Reason #3: A Less-Than-Stellar Moral Compass. Then there’s the risk that the athlete tarnishes their brand in some way.
During the off-season, a high-profile running back was charged with felony assault for knocking out his fiancée, and is suspended without pay for two games to start this season.
Just this past Wednesday, two running backs were charged with marijuana possession.
Investors had better be very confident in the athlete’s judgement off of the field.
Reason #4: Not Your Average Stock. The shares don’t trade on an exchange like the New York Stock Exchange. Instead, you have to open up an account with Fantex Brokerage Services.
Reason #5: Few Buyers When You Need to Sell. Lack of liquidity is a major concern. Since its initial offering in April 2014, the average daily trading volume for the Vernon Davis Tracking Stock is just 138.5 shares (no zeros were omitted). Heck, 15% of the trading days so far have had zero trades.

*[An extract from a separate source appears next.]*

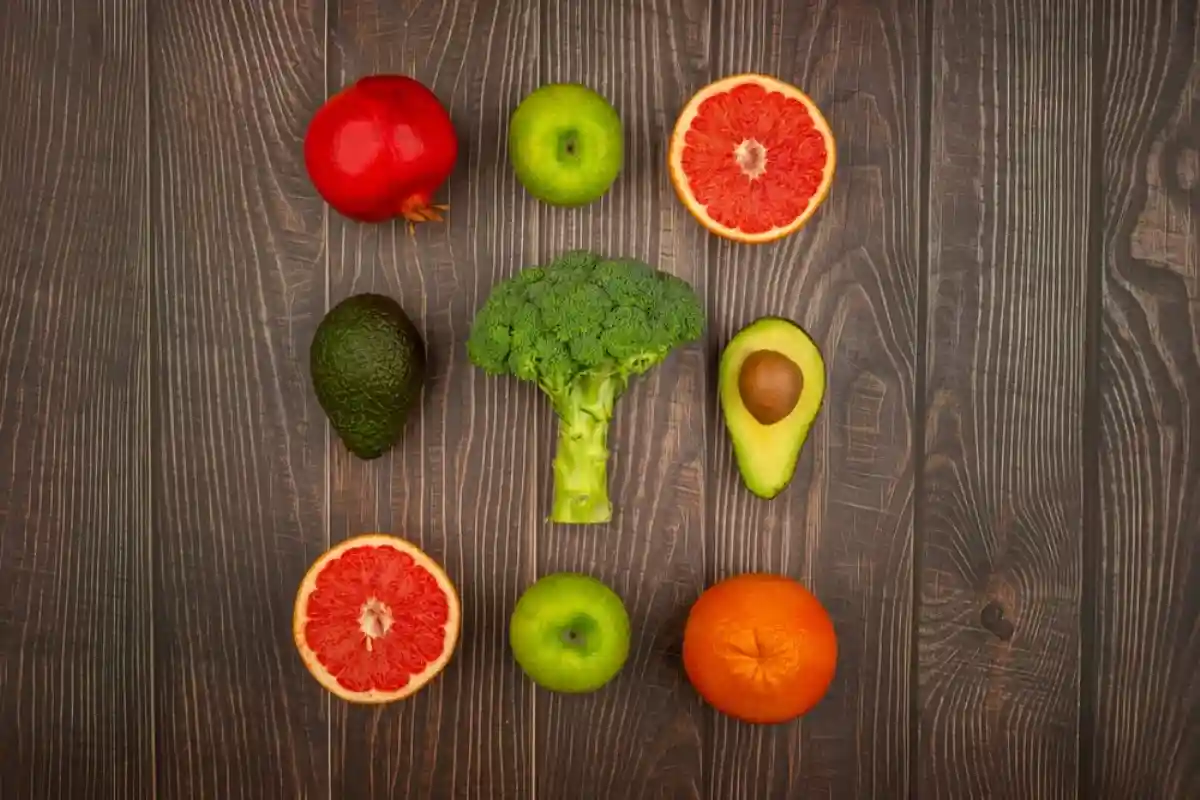 Сохранить молодость после менопаузы помогут овощи и фрукты. Фото: TSViPhoto / Shutterstock.com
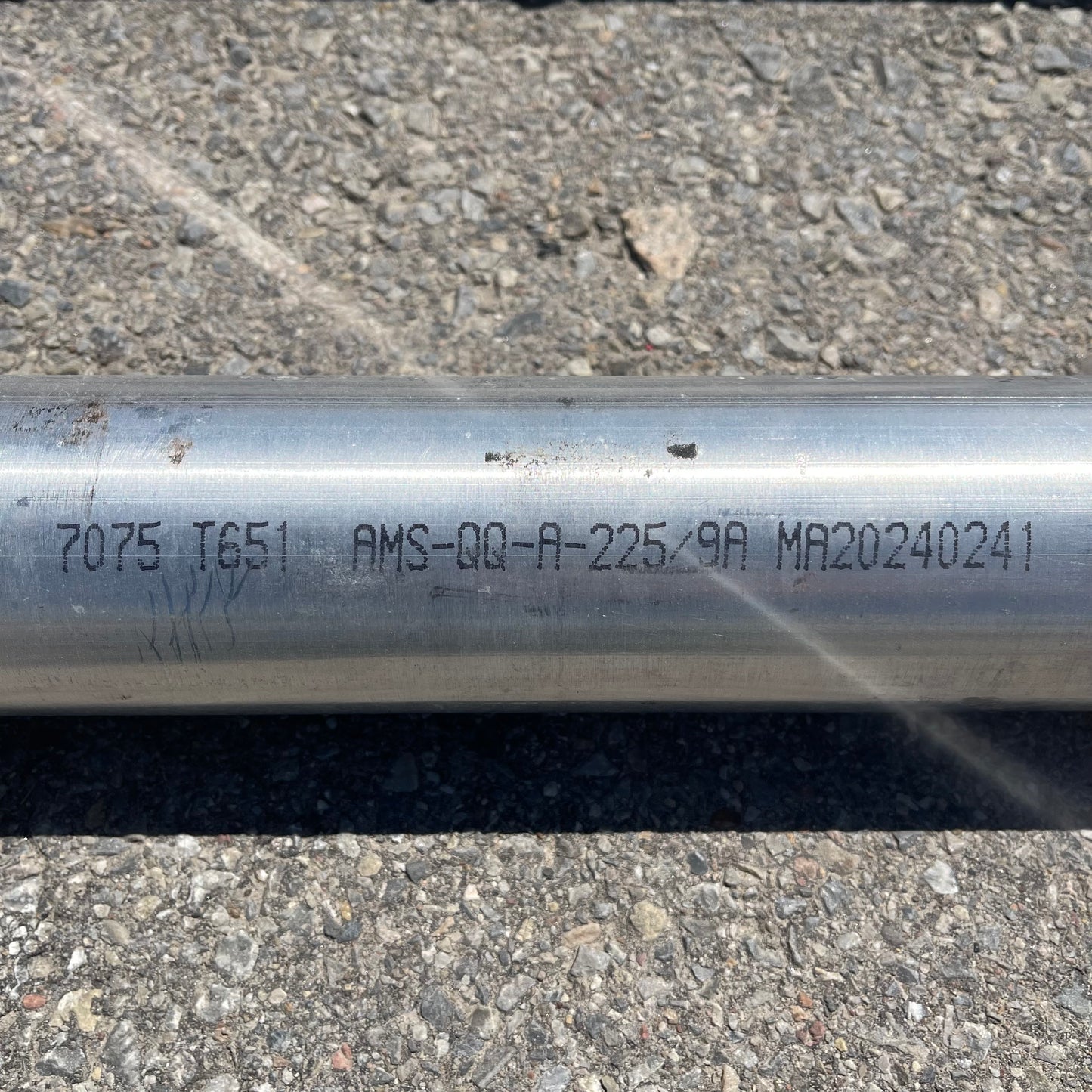 ZA@ Pallet of ALUMINUM Rod 2” Diameter 70 lbs (AS-IS)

The shares reached an intraday high of $12.50 at one point, but have now settled near the IPO offer price of $10.00.
Reason #6: Dividends Uncertain. The Vernon Davis Tracking Stock paid a $0.70 dividend on August 18, which equates to a 6.9% dividend yield based on the price on the ex-dividend date.
This was a big milestone. However, Fantex is not required to pay these distributions, further adding to the difficulty in valuing the shares.
Reason #7: The Big Reveal. Perhaps the biggest risk of all is the fact that the brand is not a separate legal entity, and the brand contracts aren’t secured by any collateral.
The prospectus makes it clear: “Holders of shares of any of our tracking stocks will have no direct investment in the associated tracking stock brand, brand contract, or individual.”
So when you buy one of these tracking stocks, you’re actually just buying an ownership interest in Fantex itself.
Bottom line: If you’re considering buying either of the existing tracking shares – or investing in the upcoming IPO for Cincinnati Bengals wide receiver Mohamed Sanu – you need to read the risk factors enumerated in the prospectuses carefully before taking any action.
Owning and trading shares in the brands of professional athletes is certainly a fascinating concept, but the tracking stocks aren’t viable investments. They’re more akin to ultra-speculative novelties.
They’re certainly a sign of the times, though…
There seems to be a push to securitize anything and everything under the sun in an attempt to feed investors’ risk appetites. We can expect to see these types of crazy things during bull markets… and not usually during the beginning.
Regardless, if you’re like me, you’re eagerly awaiting this year’s football season. By all means, enjoy a few cold ones while cheering for your favorite team… just be sure to sell those popular beer stocks while you’re at it!